Every investor is aware of the disclaimer that “PAST PERFORMANCE IS NOT NECESSARILY INDICATIVE OF FUTURE PERFORMANCE.” It is mandated by regulators to be written on all materials that contain performance information. At its basic level what this means is that you (and the people with whom you’re investing) CANNOT predict the future. Evidence of this abounds. As people have learned, just because John Paulson produced billions in profits from 2007-2010, that didn’t mean he’d produce the same result – or even profit at all – in 2011 or 2012. A primary reason for this unpredictability is that many investment managers and traders follow a singular or concentrated investment process or thesis. When that process or thesis is correct they profit. When it’s not, they suffer losses. They are not truly diversified.

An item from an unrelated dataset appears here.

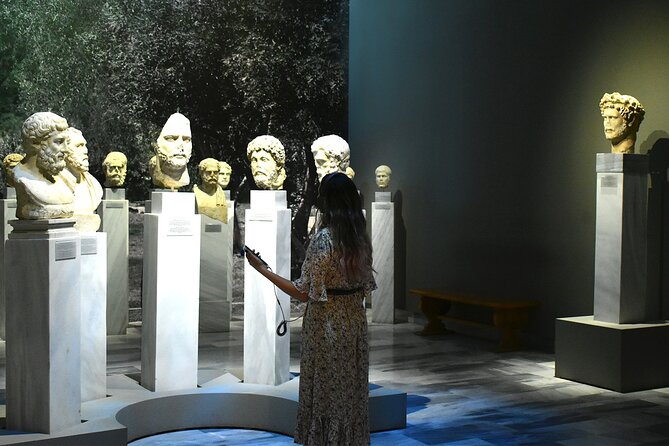 Athens National Archaeological Museum E-Ticket with Audio Guide - Is the ticket worth buying instead of going alone?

Some people go so far as to interpret this observed unpredictability to mean that it is futile to try to pick winning investments. This belief has manifested itself in the drive for people to simply buy an index. But that action itself is based on the belief that the index will continue to perform in the future in a fashion consistent with how it performed in the past. The reality is that every decision is based on a prediction. As Mike Dever shows in his best-selling book Jackass Investing: Don’t do it. Profit from it., no investment performs in the future simply because that’s how it has performed in the past. For example, in his opening chapter, which you can read here, he shows that there is no magical “intrinsic” return for owning stocks. Every potential investment is based on at least one sound, logical “Return Driver.” The key to understanding future performance is in understanding the validity of the underlying return drivers.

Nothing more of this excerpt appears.